*TASK:*
From the first line to the last, retype everything below exactly, minus the pictures.

*DATA EXTRACT:*
--- START ---

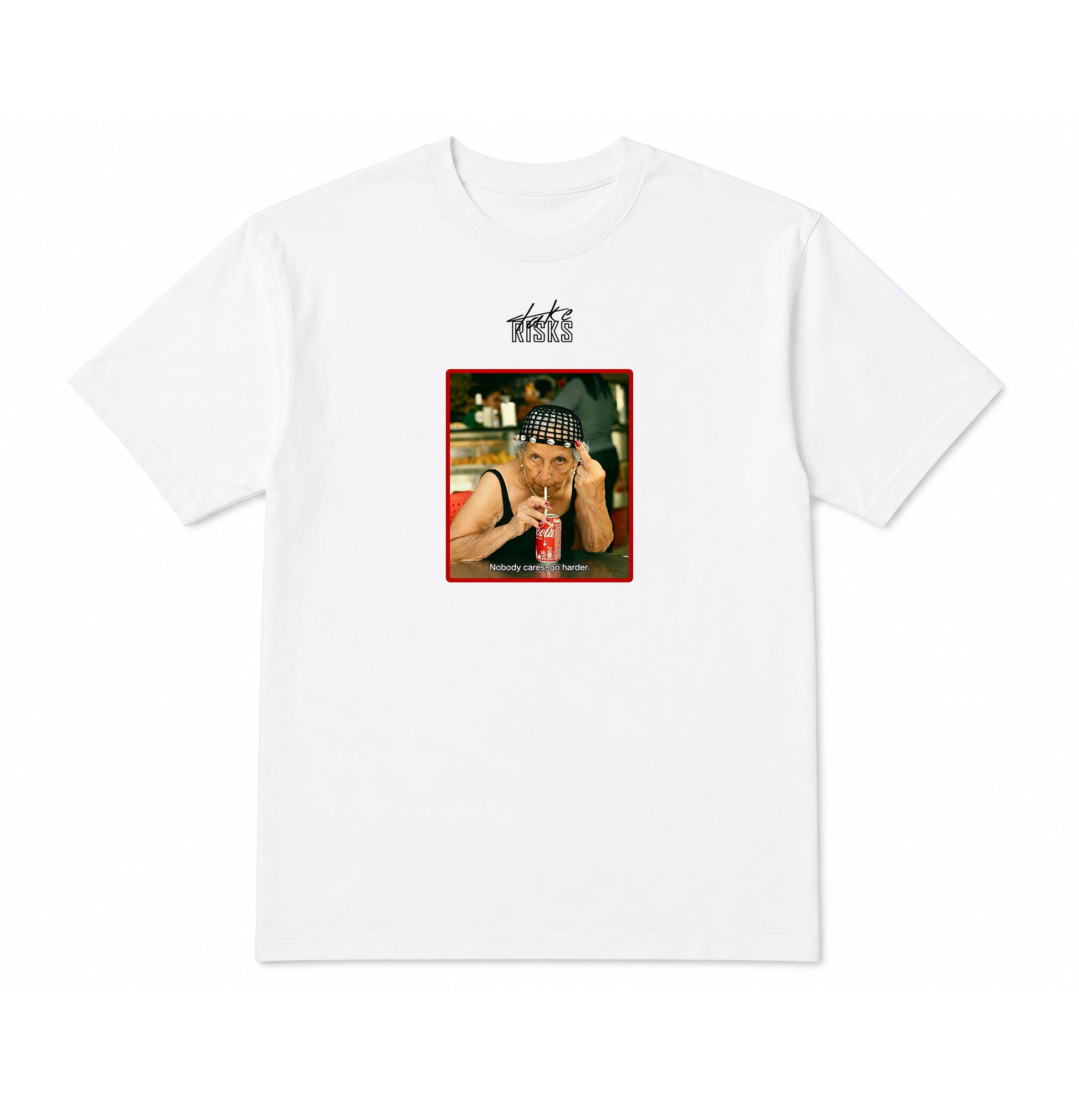 Take Risks 'GRANNY CARES' Statement T-Shirt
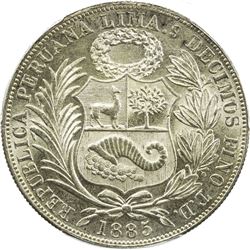 PERU: Republic, AR sol, 1885. PCGS MS64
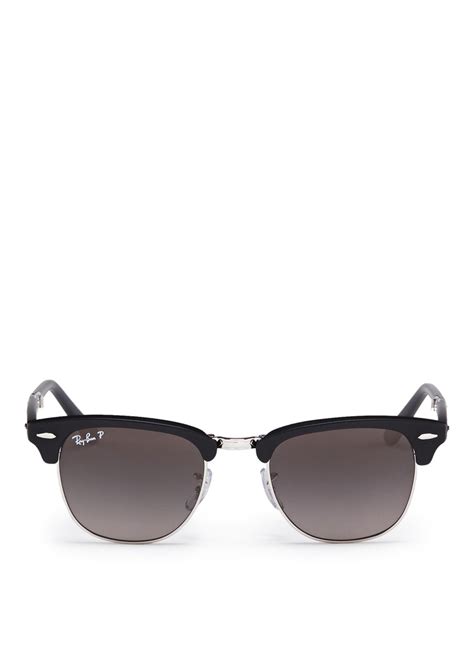lyst ray ban clubmaster folding browline sunglasses in black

--- END ---

*SOLVED EXERCISE:*
 Take Risks 'GRANNY CARES' Statement T-Shirt
 PERU: Republic, AR sol, 1885. PCGS MS64
lyst ray ban clubmaster folding browline sunglasses in black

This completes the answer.